● **Task**: Restate all the data word for word and omit the pictures.

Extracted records
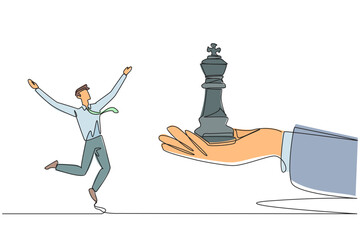 Poster - single continuous line drawing businessman was excited to get king's chess piece from giant hand. ge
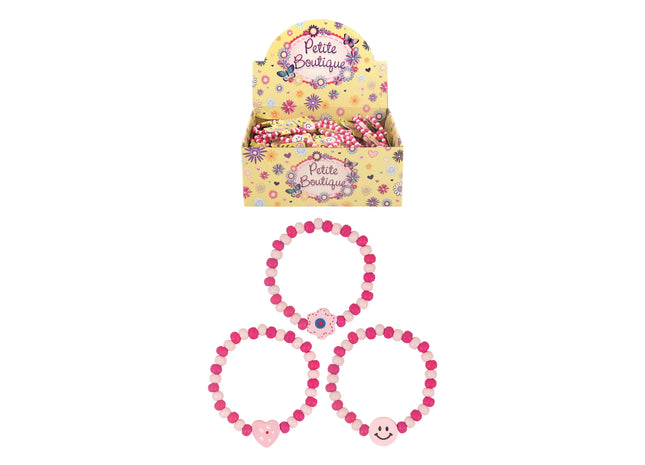 Holzperlenarmband, 16 cm, 3 verschiedene rosa Designs – trendiges Accessoire TK Gruppe® Grosshandel 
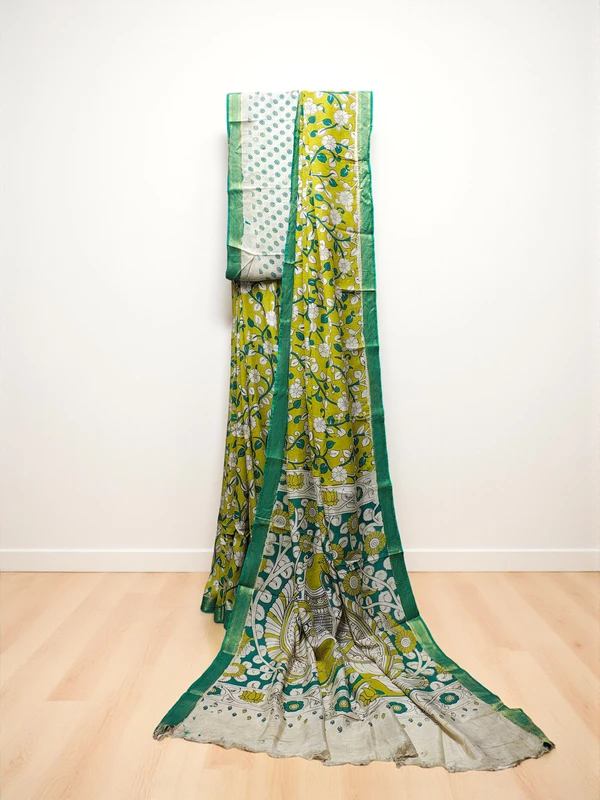 Green Kalamkari Silk Saree with Blouse Piece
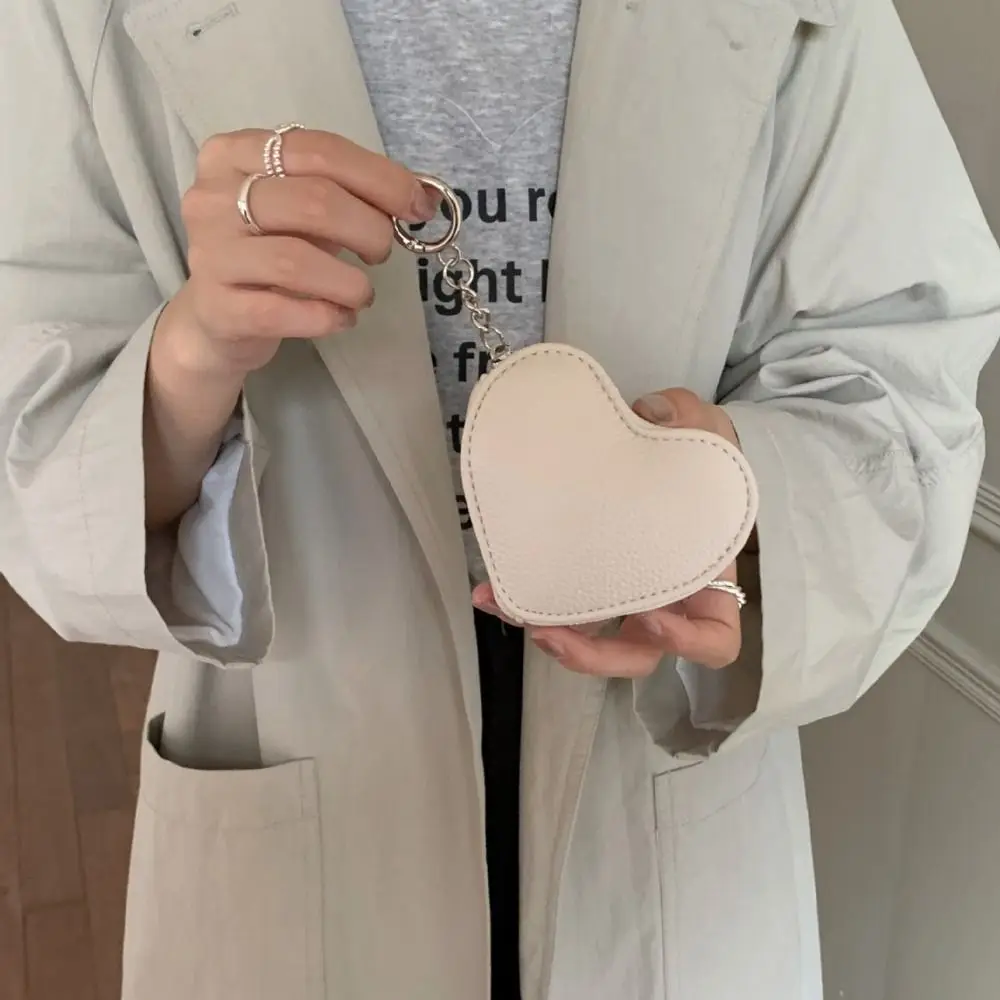 

Mini Pendant PU Leather Coin Purse Love Card Bag Cute Card Holder with Keychain Zipper Heart Shape Wallet Outdoor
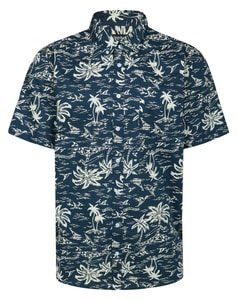 Bigdude Button Down Island Short Sleeve Shirt Navy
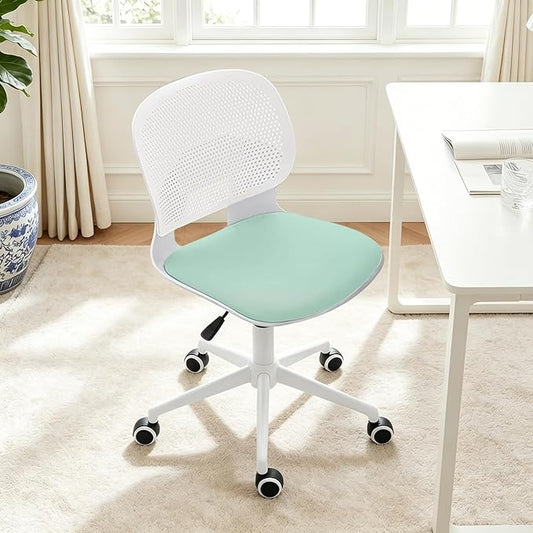 Home Office Chair, Armless Mid-Back Computer Desk Chair with Breathable Backrest and Padded Cushion, Height Adjustable Swivel Ergonomic Task Chair for Home, Work, Study
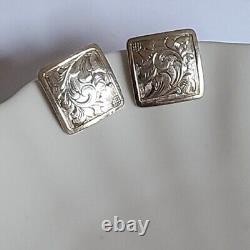 Vintage Gorgeous Chunky Floral Engraved Square Retro Stud Earrings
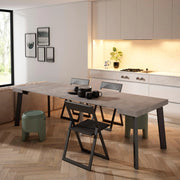 Consolle allungabile, 262x90x73cm, Per 12 persone, Gambe in legno, grigio cemento RF3022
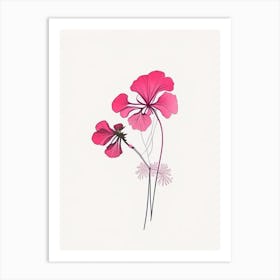 Geranium Floral Minimal Line Drawing 2 Flower Art Print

● **Answer section**:
 Poster - single continuous line drawing businessman was excited to get king's chess piece from giant hand. ge
 Holzperlenarmband, 16 cm, 3 verschiedene rosa Designs – trendiges Accessoire TK Gruppe® Grosshandel 
 Green Kalamkari Silk Saree with Blouse Piece

Mini Pendant PU Leather Coin Purse Love Card Bag Cute Card Holder with Keychain Zipper Heart Shape Wallet Outdoor
 Bigdude Button Down Island Short Sleeve Shirt Navy
 Home Office Chair, Armless Mid-Back Computer Desk Chair with Breathable Backrest and Padded Cushion, Height Adjustable Swivel Ergonomic Task Chair for Home, Work, Study
 Vintage Gorgeous Chunky Floral Engraved Square Retro Stud Earrings
 Consolle allungabile, 262x90x73cm, Per 12 persone, Gambe in legno, grigio cemento RF3022
 Geranium Floral Minimal Line Drawing 2 Flower Art Print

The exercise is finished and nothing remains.